Biography of the artist
Jamini Roy was born on 15 April 1887, in Beliatore, a Bengali village 180 km north-west of Calcutta. The artist’s path was determined by his enrolment, at the age of just 16, in the Government College of Art and Craft in Calcutta, led by the enlightened English art historian Ernest Binfield Havell (1861-1934) and by Abanindranath Tagore (1871-1951), a leading figure in the birth and development of the movement known as the Bengal School, a current that combined a profound awareness of the value of Indian culture with Western artistic language. In a climate of great creative ferment, Jamini Roy thus began the process of shaping what would later become his poetics and distinctive style that would make him famous throughout the world and one of the most celebrated and honoured artists in India. The initial works, steeped in the European avant-garde, which he made interact, even ideologically, with the different artistic languages of millenary Indian art, were to be followed by a constant evolution of his technique, always characterised by a particular attention to the simplification and essentiality of lines and the use of supports and materials increasingly in tune with nature. Jamini Roy died in Calcutta on 24 April 1972 at the age of 85.

The OrientArt project aims to present the relationship between contemporary art from Asia and Oceania and the ideological and cultural context in which it moves.

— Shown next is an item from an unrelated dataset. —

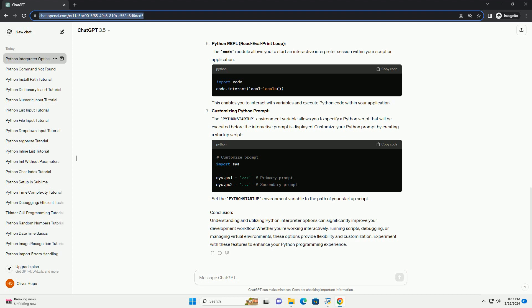Customizing Python Prompt. The PYTHONSTARTUP environment variable allows you to specify a Python script that will be executed before the interactive prompt is displayed. Customize your Python prompt by creating a startup script. Set the PYTHONSTARTUP environment variable to the path of your startup script.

The main perspectives of the investigation are two: the first intends to highlight the ideological interactions of the work of one or more artists with the traditions within which the different languages have developed; the second intends to explore the constituent elements of the contemporary imaginary and their transfiguration in the reasons for creativity, regardless of the genres of art with which it manifests itself.